自転車の通勤途上で交通事故被害者になった場合の対処法

自転車通勤でのトラブル

バスや電車などの公共交通機関を使わない通勤の手段の代表格はマイカーですが、そのほかにも自転車という選択肢があります。もしも自転車による通勤途上で交通事故被害者になってしまった場合は、通常は労働災害の一種として認定されることになります。これはマイカーでの通勤途上に交通事故被害者になった場合と取り扱いとしては同様です。ただし通勤途上かどうかが検証できる必要がありますので、一般には会社の人事部などのセクションにあらかじめ提出した通勤届に記載されている経路上でのアクシデントかどうかが重要となります
マイカーと違って自転車の場合が特殊なのは、あらかじめ指定された経路以外でも容易に移動ができる点が挙げられます。マイカーの場合、多くの人は通勤経路として時間的に最短になる道路を選択しているはずですので、よほどの事情がないかぎりは、朝の忙しい時間帯にわざわざ経路を変更してまで寄り道をすることは考えられません。ところが自転車の場合、小回りがきくという特性から、本来の通勤届に記載された経路とは別に、裏道を使ってショートカットしたり、途中のコンビニエンスストアなど店舗に寄り道をしたりすることはいくらでも考えられます。

労働災害が適用されるか確認する

かつては通勤経路から少しでも外れてしまえば労働災害の適用がなくなるシビアな運用がされていたこともありましたが、現在は合理的な範囲で通勤途上と認められれば労働災害の適用は可能です。この場合の合理性についての解釈ですが、一般には会社で食べるための昼食を購入するために少しだけコンビニエンスストアに立ち寄ったといった程度であれば、労災として認められる可能性は高いといえます。小さい子供を自転車に乗せて経路上にある保育園に送り届けるための立ち寄りなども同様に認められます。
そのいっぽうで、会社や自宅とはまったく方向が異なるデパートなどに立ち寄り、何時間も過ごしていたのであれば、それは経路の中断として判断されるのが原則です。

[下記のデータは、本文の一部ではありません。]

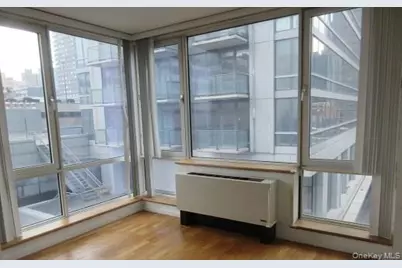 635 W 42nd Street #5F, New York, NY 10036 - Photo 2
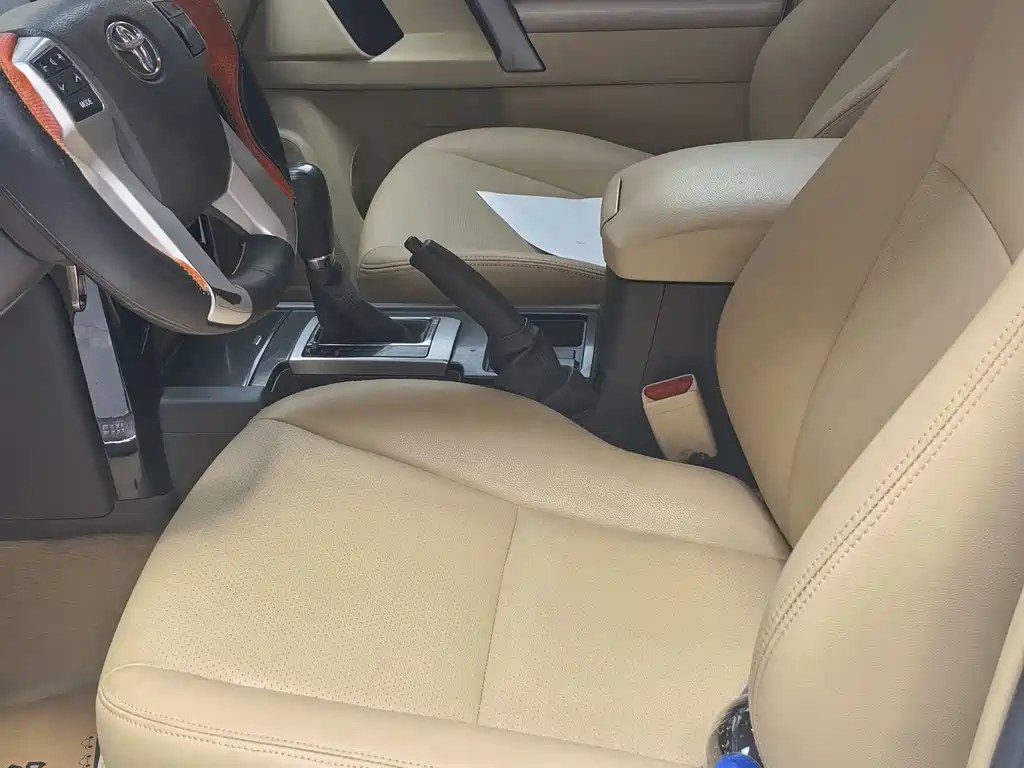 Toyota Land Cruiser Prado 2017 2.7L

退勤時間後にそのまま自宅に帰らず、サッカーやバスケットボールなどの会社のクラブ活動に参加をした場合なども同様で、それはもはや通勤との因果関係は認められません。このようなことから、通勤途上に交通事故被害者になった場合でも、自動的に労災認定が降りるとは限らず、具体的な事例に即して考える必要があります。

困ったら相談が大事

一般には労災保険を使ったほうが自賠責保険などよりも高額な金額が支払われる可能性が高いことから、適用可能かどうかはしっかりと調べておくのが得策です。なお自賠責保険と労災保険は国の役所の管轄が異なりますが、基本的には同じ理由で両方から給付を受けることはできません。これは二重取りになることを防ぐ意味合いがありますので、交通事故被害者本人としてどちらの給付の請求を優先するのかは重要な問題です。いずれにしても請求にあたっては会社を通すことになりますので、提出書類など事前に相談をするのがたいせつです。